In a blog post, Meta’s research team notes that SeamlessM4T “significantly improves the performance of the low- and medium-resource languages we support” while maintaining “strong performance in high-resource languages such as English, Spanish, and German.” Meta built SeamlessM4T from its existing PyTorch-based multitasking UnitY model architecture , which already natively performs different modal translations and automatic speech recognition. It uses the BERT 2.0 system for audio encoding, splits the input into component identifiers for analysis, and the HiFi-GAN unit’s vocoder to generate spoken responses.
Meta has also curated a massive open source speech-to-speech and speech-to-text parallel corpus called SeamlessAlign. The company mined “tens of billions of sentences” and “four million hours” of speech from publicly available archives to “automatically align more than 443,000 hours of speech with texts and create approximately 29,000 hours of speech-to-speech alignment.” blog. When tested for durability, the SeamlessM4T outperformed its (currently state-of-the-art) predecessor against background noise by 37 percent and speaker style variation by 48 percent.
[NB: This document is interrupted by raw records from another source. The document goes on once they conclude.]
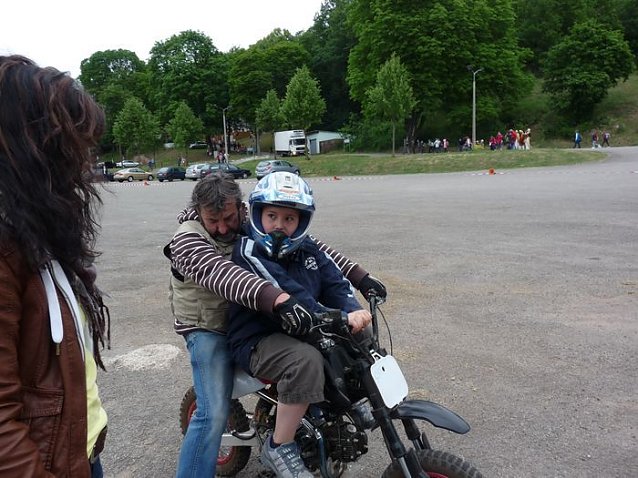 Bild: Fest in Kinderhand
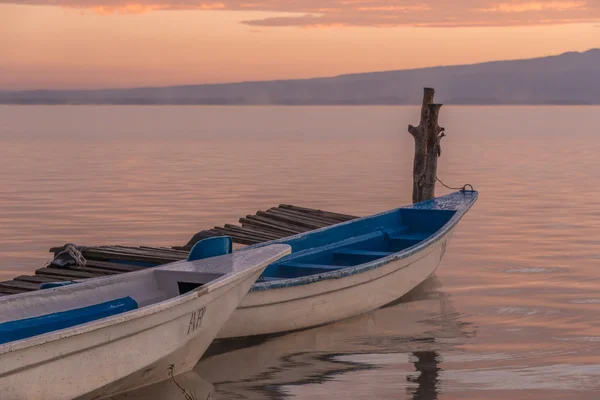 Due barche ormeggiate al molo all'alba — Foto Stock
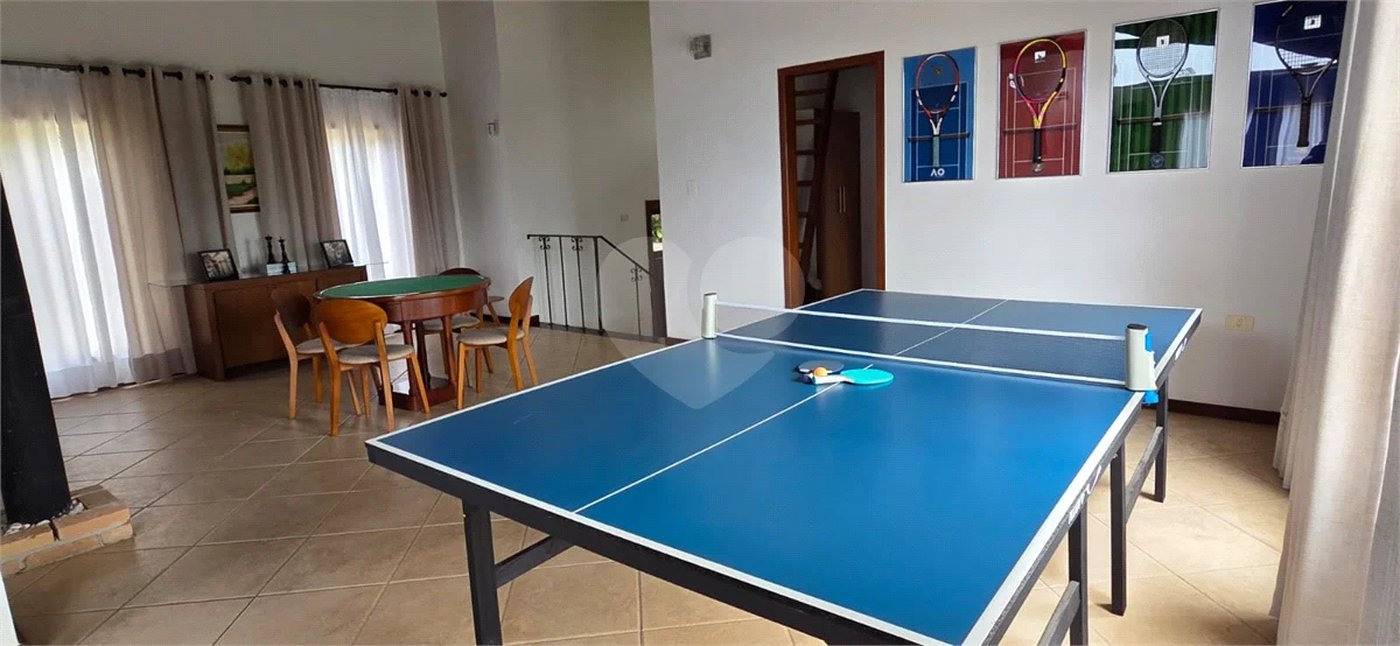 Sobrado à venda com 5 quartos, sendo 3 suítes, em Roseira, Mairiporã, SP
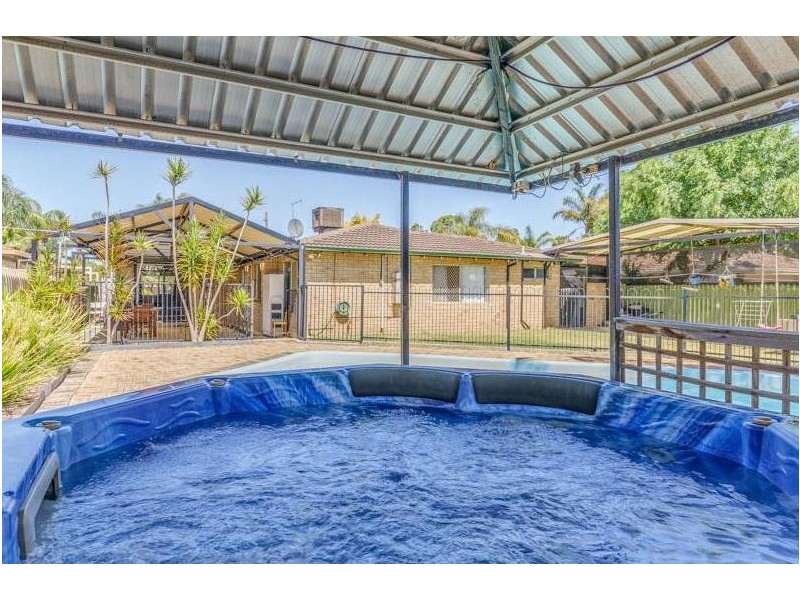 12 Michel Crescent, Gosnells WA 6110
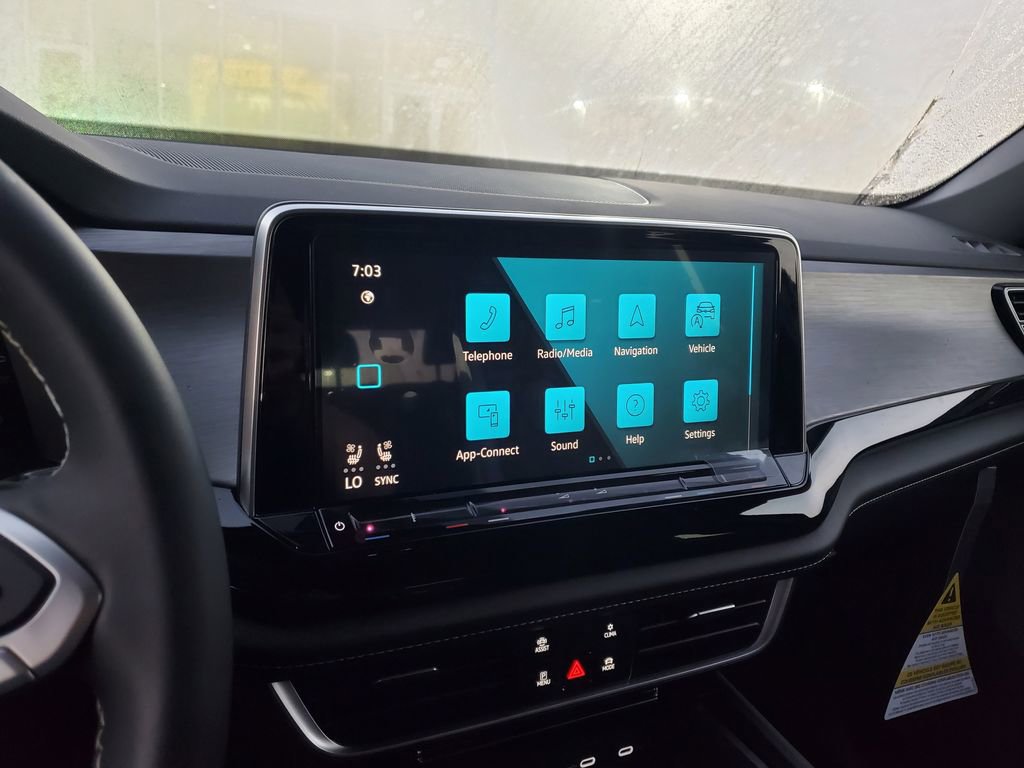 New 2026 Volkswagen Atlas Cross Sport SE image 9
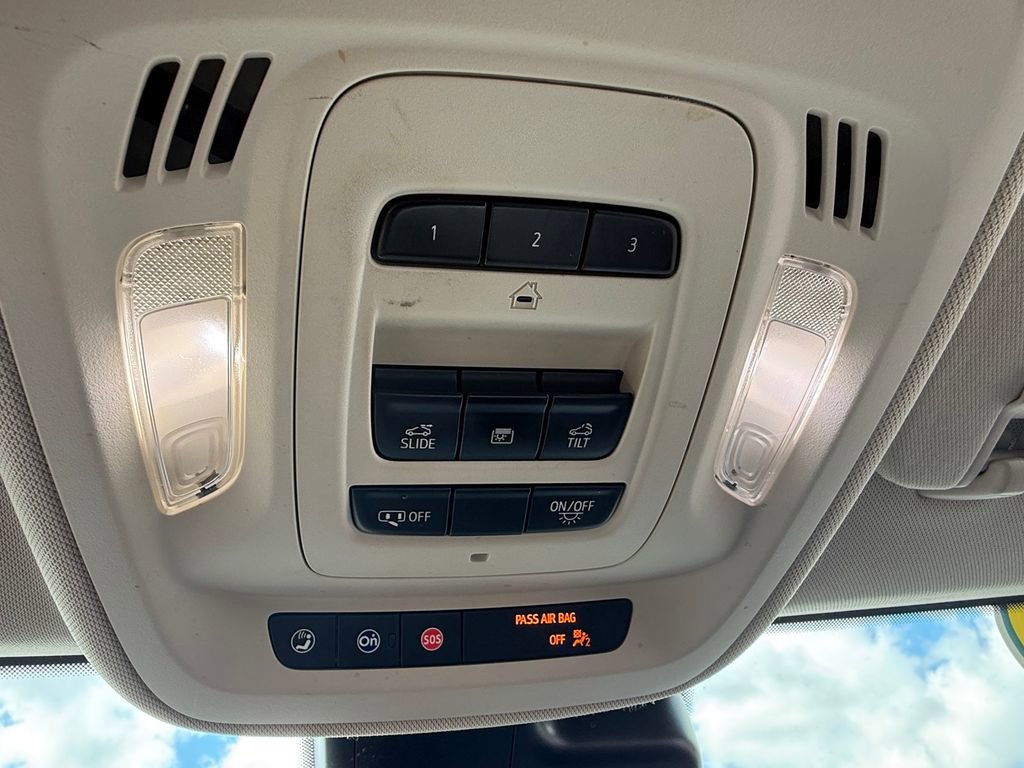 Used 2022 Buick Envision Avenir w/ Technology Package II image 17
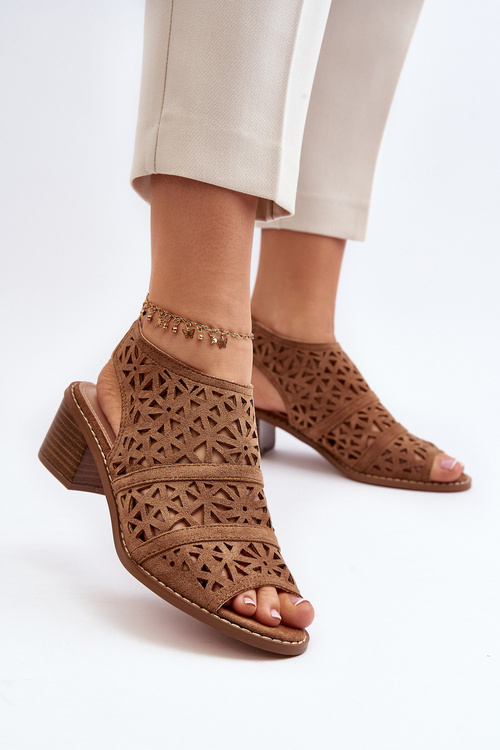 Hnedé sandále na vysokom opätku s výrezom Serapina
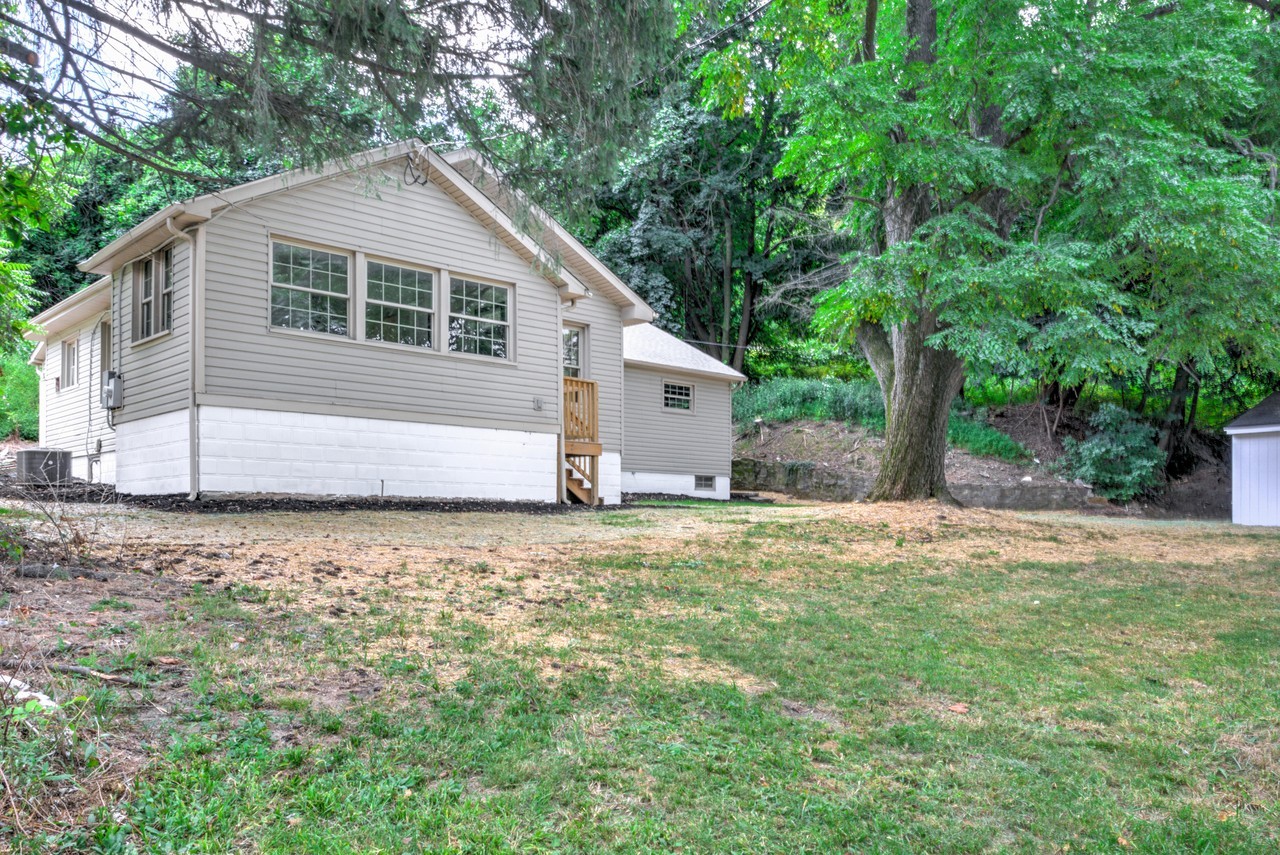 2560 Iron Springs Rd #1 - Photo 3 of 37
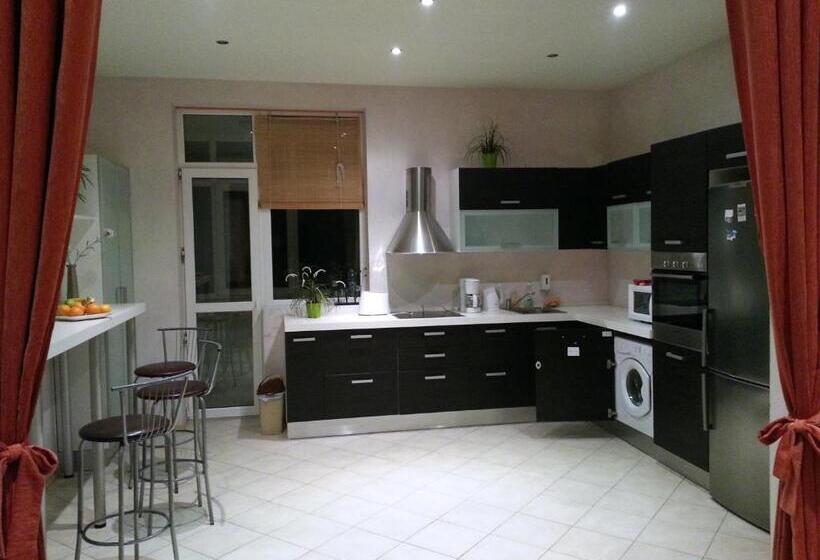 Superior-huone, Elegance On A Budget   Rooms For Rent In Sofia Center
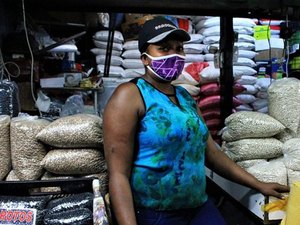 Mulheres lidam melhor com os impactos sociais e econômicos da covid-19, segundo pesquisa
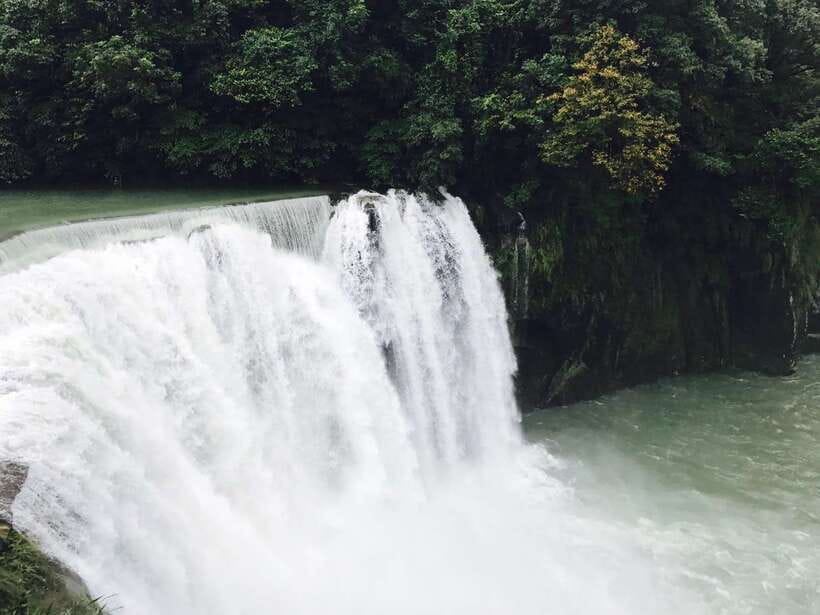 Taipei: Private City Sightseeing Tour with Driver - Yehliu Geopark and the northeast coast option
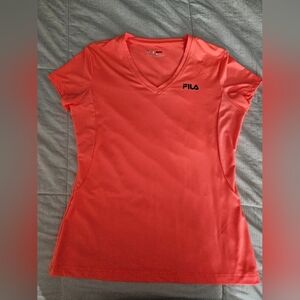 FILA Women's Coral V-Neck Top Medium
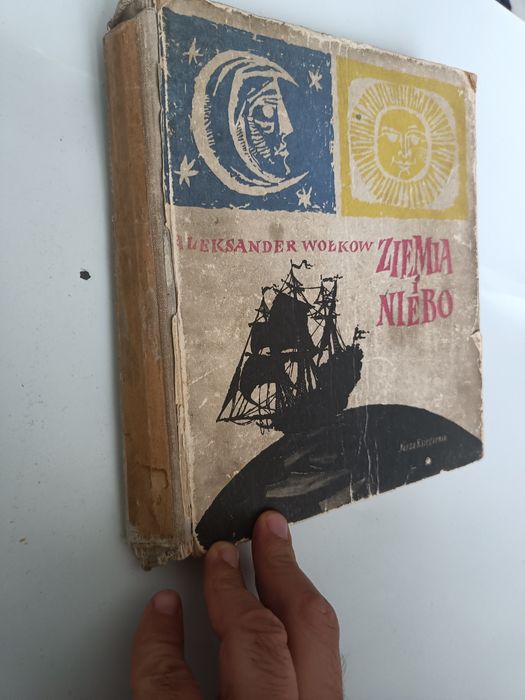 Aleksander Wołkow Ziemia i niebo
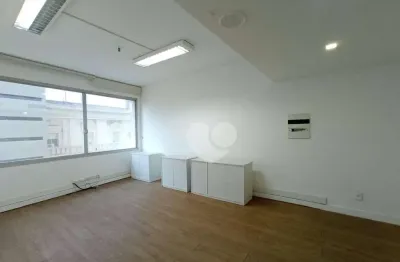 Sala comercial centro a venda 4 salas 2 banheiros  219 m²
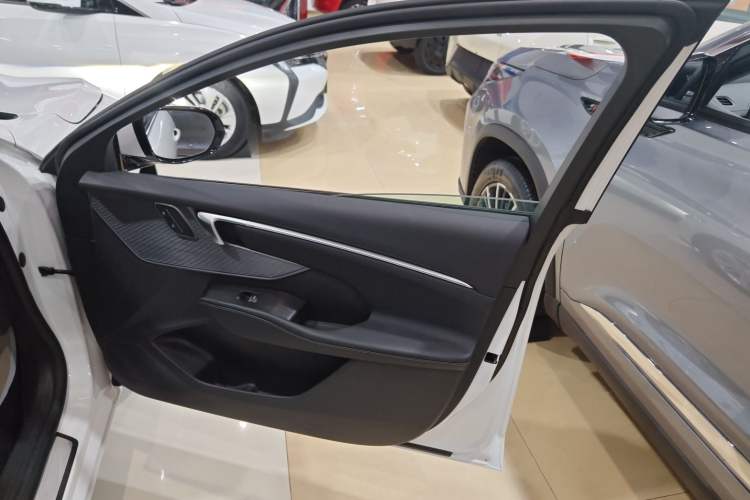 Used Buick LaCrosse 2023 Restyled 25T Cross-Country Edition
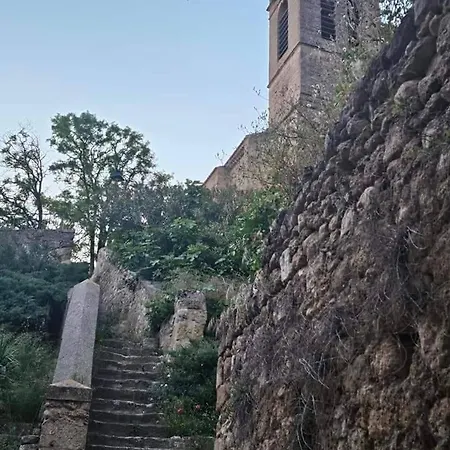 بيت للعطل Le Chateau De Soleil Saint-Pons-de-Mauchiens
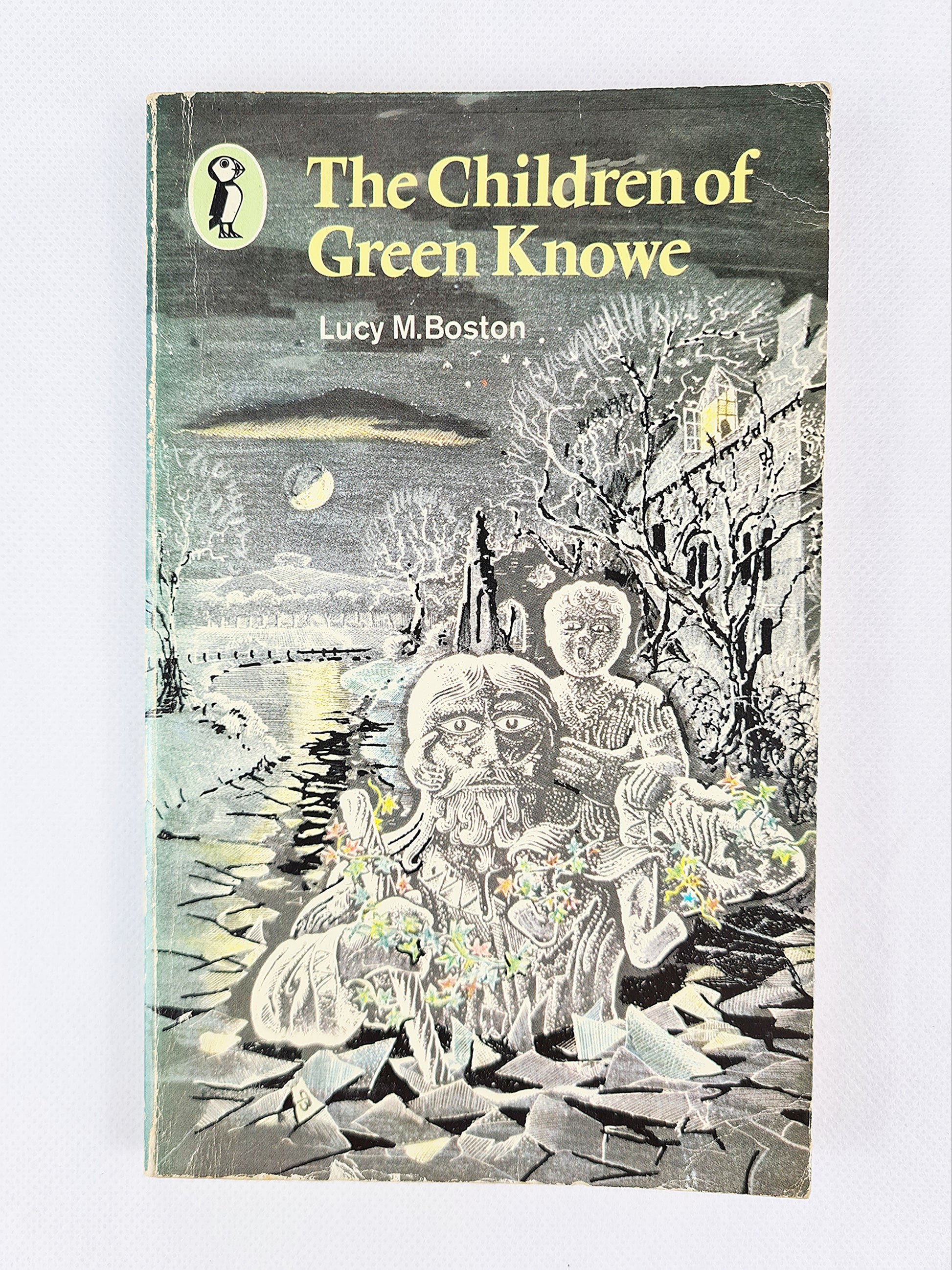 The Children Of Green knowe, vintage puffin book 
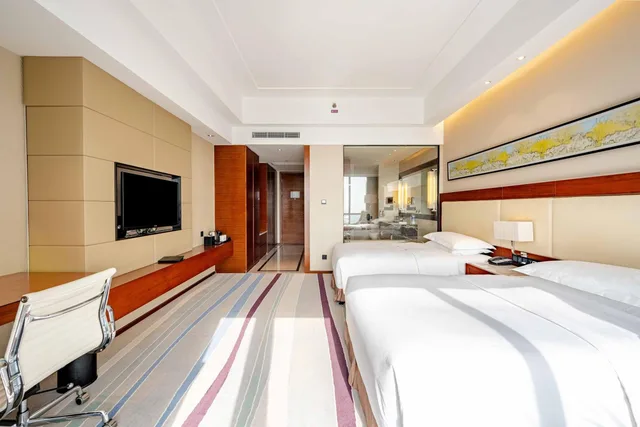 غرفة قياسية بسريرين منفصلين بإطلالة على البحيرة، CROWNE PLAZA WUXI TAIHU 3/6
Like most of its previous machine translation projects—be it Llama 2, Massively Multilingual Speech (MMS), Universal Speech Translator (UST), or the ambitious No Language Left Behind (NLLB) project—SeamlessM4T is open source. “We believe SeamlessM4T is an important breakthrough in the AI community’s efforts to create universal multitasking systems,” the team wrote. “In keeping with our open science approach, we are excited to share our model publicly so that researchers and developers can develop this technology.” If you’re interested in working with SeamlessM4T yourself, head over to GitHub to download the template, training information, and documentation.